● Instructions to follow
When you reach the line containing "வாக்காளர் பட்டியலில் உங்கள் பெயர்" in the entries below, start writing out each line exactly, and stop after the line containing "905 3rd Street, Radford, VA 24141".

● Material to process
▼

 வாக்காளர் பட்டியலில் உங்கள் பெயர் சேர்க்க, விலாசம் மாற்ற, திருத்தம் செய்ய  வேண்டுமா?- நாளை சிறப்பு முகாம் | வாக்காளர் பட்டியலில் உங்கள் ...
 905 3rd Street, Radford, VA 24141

▲
▼

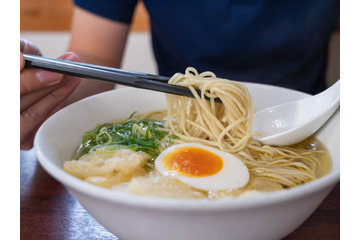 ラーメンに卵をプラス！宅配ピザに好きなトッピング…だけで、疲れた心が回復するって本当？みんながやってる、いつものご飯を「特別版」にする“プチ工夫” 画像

▲
▼

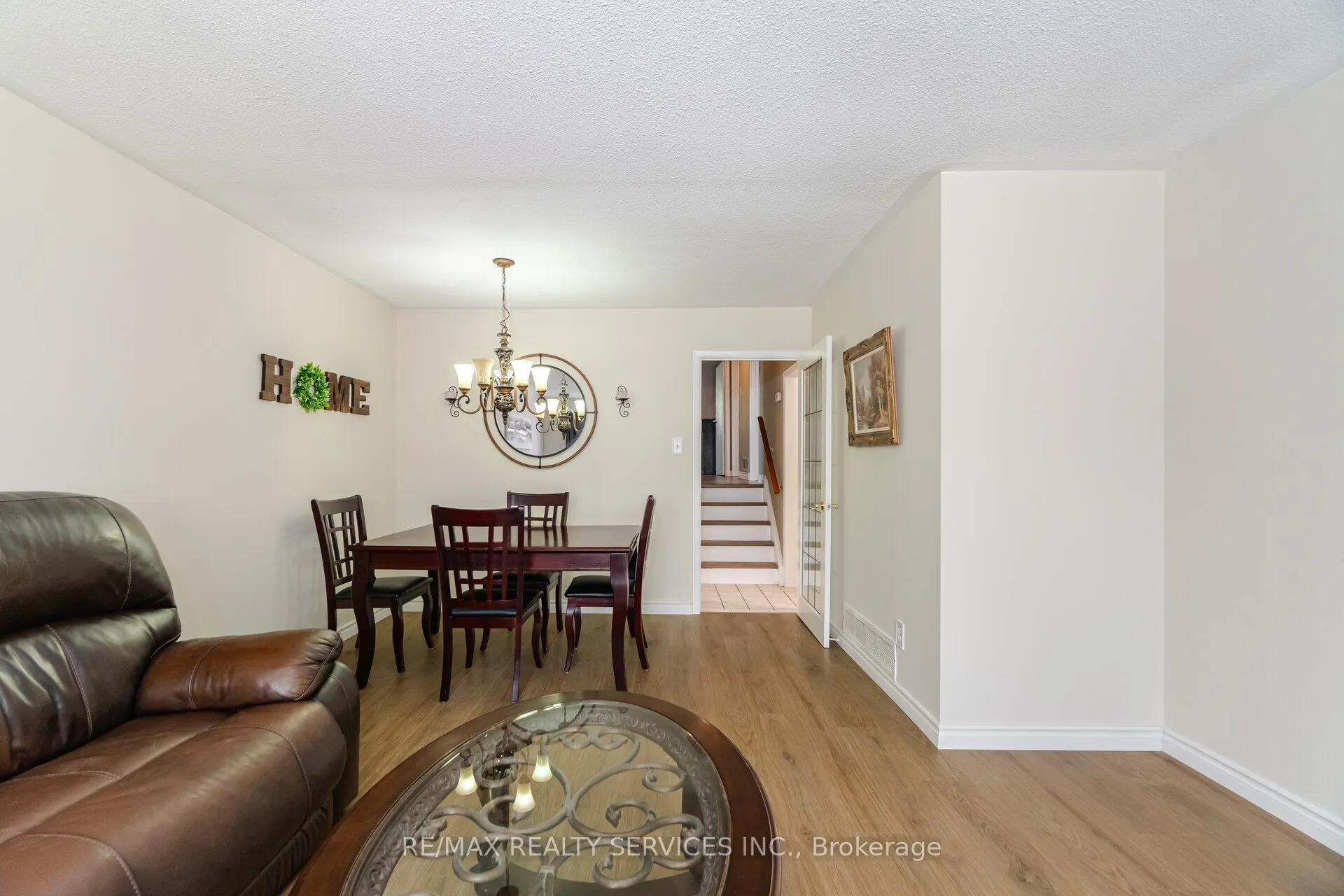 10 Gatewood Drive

▲

● Written answer
 வாக்காளர் பட்டியலில் உங்கள் பெயர் சேர்க்க, விலாசம் மாற்ற, திருத்தம் செய்ய  வேண்டுமா?- நாளை சிறப்பு முகாம் | வாக்காளர் பட்டியலில் உங்கள் ...
 905 3rd Street, Radford, VA 24141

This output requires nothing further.